* _What to work on_:
Your answer must be an exact copy of all the entries.

☆ ☆ ☆

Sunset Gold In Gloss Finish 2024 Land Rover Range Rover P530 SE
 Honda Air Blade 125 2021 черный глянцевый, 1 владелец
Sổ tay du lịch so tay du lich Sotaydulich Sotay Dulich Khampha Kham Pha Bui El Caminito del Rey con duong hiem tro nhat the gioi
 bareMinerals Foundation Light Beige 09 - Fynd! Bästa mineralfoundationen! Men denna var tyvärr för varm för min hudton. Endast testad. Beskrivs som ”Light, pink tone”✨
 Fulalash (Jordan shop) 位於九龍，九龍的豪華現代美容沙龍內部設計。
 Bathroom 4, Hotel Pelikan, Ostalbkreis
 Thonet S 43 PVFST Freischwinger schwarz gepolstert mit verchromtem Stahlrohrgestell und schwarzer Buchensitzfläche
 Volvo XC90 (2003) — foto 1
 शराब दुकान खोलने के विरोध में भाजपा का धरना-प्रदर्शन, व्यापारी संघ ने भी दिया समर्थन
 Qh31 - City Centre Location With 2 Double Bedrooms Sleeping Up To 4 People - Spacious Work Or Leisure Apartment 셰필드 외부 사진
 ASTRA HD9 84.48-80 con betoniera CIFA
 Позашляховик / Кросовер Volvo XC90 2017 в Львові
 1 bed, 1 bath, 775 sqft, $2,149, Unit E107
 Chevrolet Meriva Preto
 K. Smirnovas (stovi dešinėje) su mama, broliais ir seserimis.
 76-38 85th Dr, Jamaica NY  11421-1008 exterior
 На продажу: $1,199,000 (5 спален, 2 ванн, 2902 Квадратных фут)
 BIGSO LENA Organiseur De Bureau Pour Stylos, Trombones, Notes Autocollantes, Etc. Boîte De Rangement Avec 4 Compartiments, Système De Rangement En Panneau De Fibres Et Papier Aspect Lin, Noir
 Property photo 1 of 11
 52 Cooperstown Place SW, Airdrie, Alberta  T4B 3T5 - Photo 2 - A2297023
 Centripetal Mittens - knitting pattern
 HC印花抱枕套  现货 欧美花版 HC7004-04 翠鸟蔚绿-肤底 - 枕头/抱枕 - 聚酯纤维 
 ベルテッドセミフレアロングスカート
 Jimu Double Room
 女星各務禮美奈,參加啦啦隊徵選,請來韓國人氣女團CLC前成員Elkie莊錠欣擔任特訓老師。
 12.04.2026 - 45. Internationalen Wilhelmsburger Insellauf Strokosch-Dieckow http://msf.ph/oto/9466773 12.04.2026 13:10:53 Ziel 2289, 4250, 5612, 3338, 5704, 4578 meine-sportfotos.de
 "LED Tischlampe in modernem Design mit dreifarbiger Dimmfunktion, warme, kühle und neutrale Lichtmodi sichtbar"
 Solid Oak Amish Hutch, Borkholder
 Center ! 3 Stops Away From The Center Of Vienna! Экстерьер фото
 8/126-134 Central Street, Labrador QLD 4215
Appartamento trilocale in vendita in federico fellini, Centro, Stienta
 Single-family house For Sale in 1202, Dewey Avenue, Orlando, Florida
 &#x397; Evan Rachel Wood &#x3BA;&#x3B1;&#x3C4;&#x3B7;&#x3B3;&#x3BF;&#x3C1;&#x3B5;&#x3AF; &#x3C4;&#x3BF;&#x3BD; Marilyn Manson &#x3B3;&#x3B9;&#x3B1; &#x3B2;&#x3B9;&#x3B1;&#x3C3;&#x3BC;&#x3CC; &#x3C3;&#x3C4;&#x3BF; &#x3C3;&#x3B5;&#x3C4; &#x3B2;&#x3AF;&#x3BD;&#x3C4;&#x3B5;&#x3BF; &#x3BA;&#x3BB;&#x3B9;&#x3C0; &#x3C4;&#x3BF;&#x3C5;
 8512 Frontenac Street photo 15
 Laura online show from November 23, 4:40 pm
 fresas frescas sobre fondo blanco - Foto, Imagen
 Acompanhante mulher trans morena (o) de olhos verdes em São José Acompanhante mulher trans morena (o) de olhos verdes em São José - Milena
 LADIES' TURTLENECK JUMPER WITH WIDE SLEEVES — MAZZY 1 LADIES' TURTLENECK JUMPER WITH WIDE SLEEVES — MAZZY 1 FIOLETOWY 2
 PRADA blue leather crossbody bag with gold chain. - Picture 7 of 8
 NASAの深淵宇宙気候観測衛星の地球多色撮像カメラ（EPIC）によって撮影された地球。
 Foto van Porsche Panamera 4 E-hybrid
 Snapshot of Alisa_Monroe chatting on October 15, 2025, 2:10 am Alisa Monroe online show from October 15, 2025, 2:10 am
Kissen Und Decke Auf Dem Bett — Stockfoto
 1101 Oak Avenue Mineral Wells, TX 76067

☆ ☆ ☆

* _Response area_:
Sunset Gold In Gloss Finish 2024 Land Rover Range Rover P530 SE
 Honda Air Blade 125 2021 черный глянцевый, 1 владелец
Sổ tay du lịch so tay du lich Sotaydulich Sotay Dulich Khampha Kham Pha Bui El Caminito del Rey con duong hiem tro nhat the gioi
 bareMinerals Foundation Light Beige 09 - Fynd! Bästa mineralfoundationen! Men denna var tyvärr för varm för min hudton. Endast testad. Beskrivs som ”Light, pink tone”✨
 Fulalash (Jordan shop) 位於九龍，九龍的豪華現代美容沙龍內部設計。
 Bathroom 4, Hotel Pelikan, Ostalbkreis
 Thonet S 43 PVFST Freischwinger schwarz gepolstert mit verchromtem Stahlrohrgestell und schwarzer Buchensitzfläche
 Volvo XC90 (2003) — foto 1
 शराब दुकान खोलने के विरोध में भाजपा का धरना-प्रदर्शन, व्यापारी संघ ने भी दिया समर्थन
 Qh31 - City Centre Location With 2 Double Bedrooms Sleeping Up To 4 People - Spacious Work Or Leisure Apartment 셰필드 외부 사진
 ASTRA HD9 84.48-80 con betoniera CIFA
 Позашляховик / Кросовер Volvo XC90 2017 в Львові
 1 bed, 1 bath, 775 sqft, $2,149, Unit E107
 Chevrolet Meriva Preto
 K. Smirnovas (stovi dešinėje) su mama, broliais ir seserimis.
 76-38 85th Dr, Jamaica NY  11421-1008 exterior
 На продажу: $1,199,000 (5 спален, 2 ванн, 2902 Квадратных фут)
 BIGSO LENA Organiseur De Bureau Pour Stylos, Trombones, Notes Autocollantes, Etc. Boîte De Rangement Avec 4 Compartiments, Système De Rangement En Panneau De Fibres Et Papier Aspect Lin, Noir
 Property photo 1 of 11
 52 Cooperstown Place SW, Airdrie, Alberta  T4B 3T5 - Photo 2 - A2297023
 Centripetal Mittens - knitting pattern
 HC印花抱枕套  现货 欧美花版 HC7004-04 翠鸟蔚绿-肤底 - 枕头/抱枕 - 聚酯纤维 
 ベルテッドセミフレアロングスカート
 Jimu Double Room
 女星各務禮美奈,參加啦啦隊徵選,請來韓國人氣女團CLC前成員Elkie莊錠欣擔任特訓老師。
 12.04.2026 - 45. Internationalen Wilhelmsburger Insellauf Strokosch-Dieckow http://msf.ph/oto/9466773 12.04.2026 13:10:53 Ziel 2289, 4250, 5612, 3338, 5704, 4578 meine-sportfotos.de
 "LED Tischlampe in modernem Design mit dreifarbiger Dimmfunktion, warme, kühle und neutrale Lichtmodi sichtbar"
 Solid Oak Amish Hutch, Borkholder
 Center ! 3 Stops Away From The Center Of Vienna! Экстерьер фото
 8/126-134 Central Street, Labrador QLD 4215
Appartamento trilocale in vendita in federico fellini, Centro, Stienta
 Single-family house For Sale in 1202, Dewey Avenue, Orlando, Florida
 &#x397; Evan Rachel Wood &#x3BA;&#x3B1;&#x3C4;&#x3B7;&#x3B3;&#x3BF;&#x3C1;&#x3B5;&#x3AF; &#x3C4;&#x3BF;&#x3BD; Marilyn Manson &#x3B3;&#x3B9;&#x3B1; &#x3B2;&#x3B9;&#x3B1;&#x3C3;&#x3BC;&#x3CC; &#x3C3;&#x3C4;&#x3BF; &#x3C3;&#x3B5;&#x3C4; &#x3B2;&#x3AF;&#x3BD;&#x3C4;&#x3B5;&#x3BF; &#x3BA;&#x3BB;&#x3B9;&#x3C0; &#x3C4;&#x3BF;&#x3C5;
 8512 Frontenac Street photo 15
 Laura online show from November 23, 4:40 pm
 fresas frescas sobre fondo blanco - Foto, Imagen
 Acompanhante mulher trans morena (o) de olhos verdes em São José Acompanhante mulher trans morena (o) de olhos verdes em São José - Milena
 LADIES' TURTLENECK JUMPER WITH WIDE SLEEVES — MAZZY 1 LADIES' TURTLENECK JUMPER WITH WIDE SLEEVES — MAZZY 1 FIOLETOWY 2
 PRADA blue leather crossbody bag with gold chain. - Picture 7 of 8
 NASAの深淵宇宙気候観測衛星の地球多色撮像カメラ（EPIC）によって撮影された地球。
 Foto van Porsche Panamera 4 E-hybrid
 Snapshot of Alisa_Monroe chatting on October 15, 2025, 2:10 am Alisa Monroe online show from October 15, 2025, 2:10 am
Kissen Und Decke Auf Dem Bett — Stockfoto
 1101 Oak Avenue Mineral Wells, TX 76067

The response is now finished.